Why Agility Is Critical For Agencies And Clients Alike

Clients in the digital age expect advertising agencies to produce not only ads but creative solutions. These demands aren’t new, but the industry’s approach to meeting them is. 

Instead of sticking to tried-and-true methods, agencies are adopting an agile approach and pivoting to meet client needs. This may mean handling a business-related problem that can’t be solved by a traditional advertising campaign. By personalizing processes for clients, advertising agencies can more easily navigate a shifting landscape. 

The industry has reached a crossroads: Those agencies that leave room for change while staying true to their original mission are emerging on top, and the ones that refuse to adapt will ultimately fail. 
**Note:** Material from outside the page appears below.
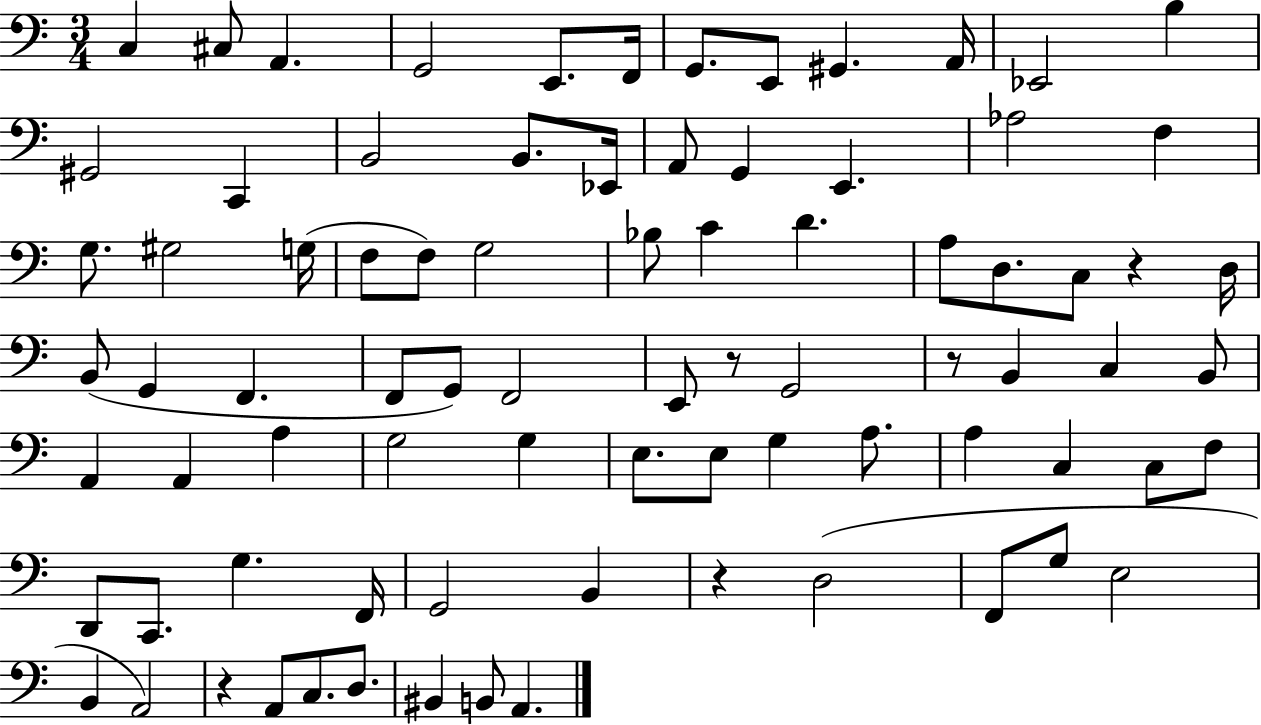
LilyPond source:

The Changing Advertising Landscape 

TV commercials and ad campaigns used to be an agency’s bread and butter. However, different platforms and emerging technology dictate a new era. Social media, online shopping, and new entertainment preferences affect the type of content that advertisers produce. 
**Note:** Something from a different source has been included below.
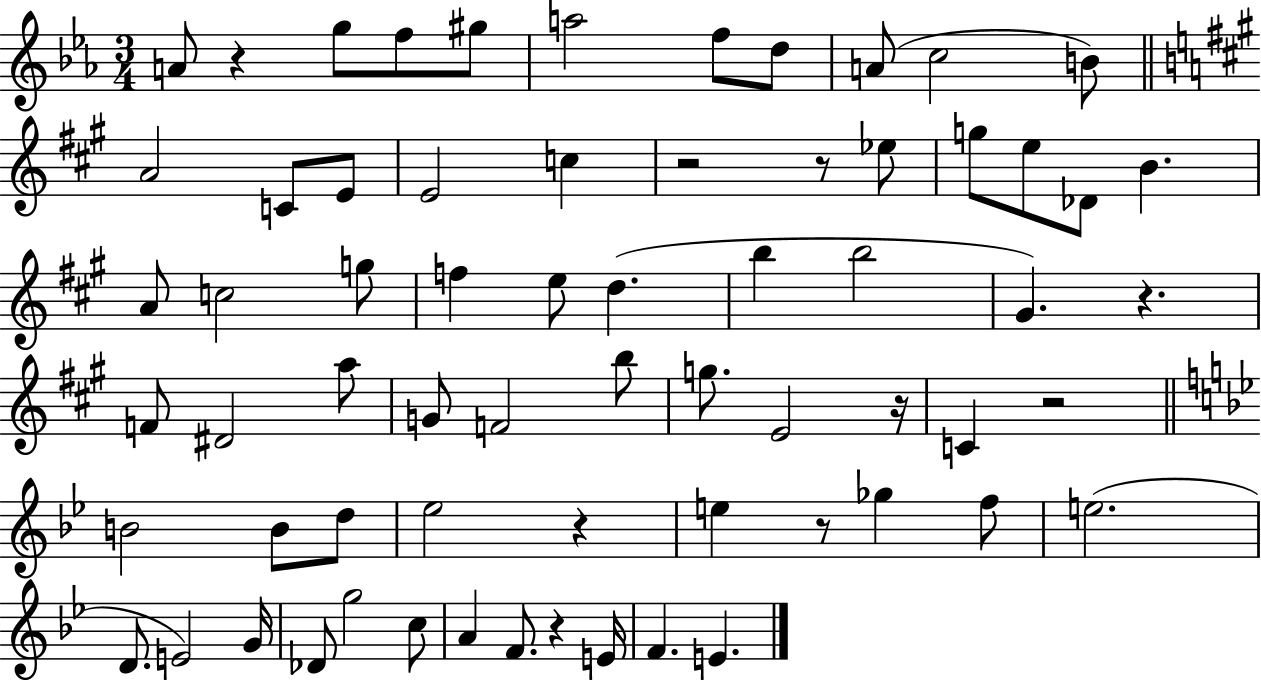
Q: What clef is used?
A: treble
For example, social media has prompted the rise of tailored messaging. Ninety percent of social media users have directly interacted with a business via social channels. Additionally, consumer entertainment preferences affect advertisements — research shows that 41% of consumers want entertaining ads. A 30-second YouTube commercial might irritate users, but a well-designed two-minute video will probably intrigue them. That’s why 87% of businesses use video as a marketing tool. 
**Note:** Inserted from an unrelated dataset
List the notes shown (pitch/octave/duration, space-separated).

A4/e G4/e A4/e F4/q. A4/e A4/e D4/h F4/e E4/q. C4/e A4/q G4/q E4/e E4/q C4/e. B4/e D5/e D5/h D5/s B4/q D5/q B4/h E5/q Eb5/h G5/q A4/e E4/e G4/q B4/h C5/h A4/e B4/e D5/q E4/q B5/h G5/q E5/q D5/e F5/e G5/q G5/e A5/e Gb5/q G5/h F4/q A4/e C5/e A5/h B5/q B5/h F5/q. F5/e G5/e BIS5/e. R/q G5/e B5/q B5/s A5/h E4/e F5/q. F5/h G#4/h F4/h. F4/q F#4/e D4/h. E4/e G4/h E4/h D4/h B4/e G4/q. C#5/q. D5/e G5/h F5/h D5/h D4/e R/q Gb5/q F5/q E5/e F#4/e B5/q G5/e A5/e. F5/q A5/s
Agencies need to employ new agile strategies in order to meet modern client and consumer expectations. Marketing leaders today laugh at old annual strategies, but even the quarterly plans that dominate the industry are too slow. The media landscape can change from one day to the next, and ad agencies need to adjust to that time frame. 

Big plans are out. Instead of devising large-scale campaigns, ad agencies should focus on smaller day-to-day victories. Agile marketing should be fast-paced and concentrate on lead generation and conversion. New ideas and experiments should drive strategy rather than overarching goals, and milestones should be rewritten to suit the changing landscape. 

Employing Agility 

The advertising industry is too volatile for agencies to remain at a standstill. If they want to succeed, they need to adapt and grow. Amazon started out as an online bookseller, but the company has grown into a massive digital marketplace that has maintained relevancy in a changing environment. Advertising agencies need to embrace a similar business plan. 

Staying the course is no longer possible, but don’t throw out the original mission statement. In order to be agile, every team member needs to focus on the overall goal of the agency. If an agency’s goal is to provide the best solutions to client problems, then it can’t stick to unyielding service lines. 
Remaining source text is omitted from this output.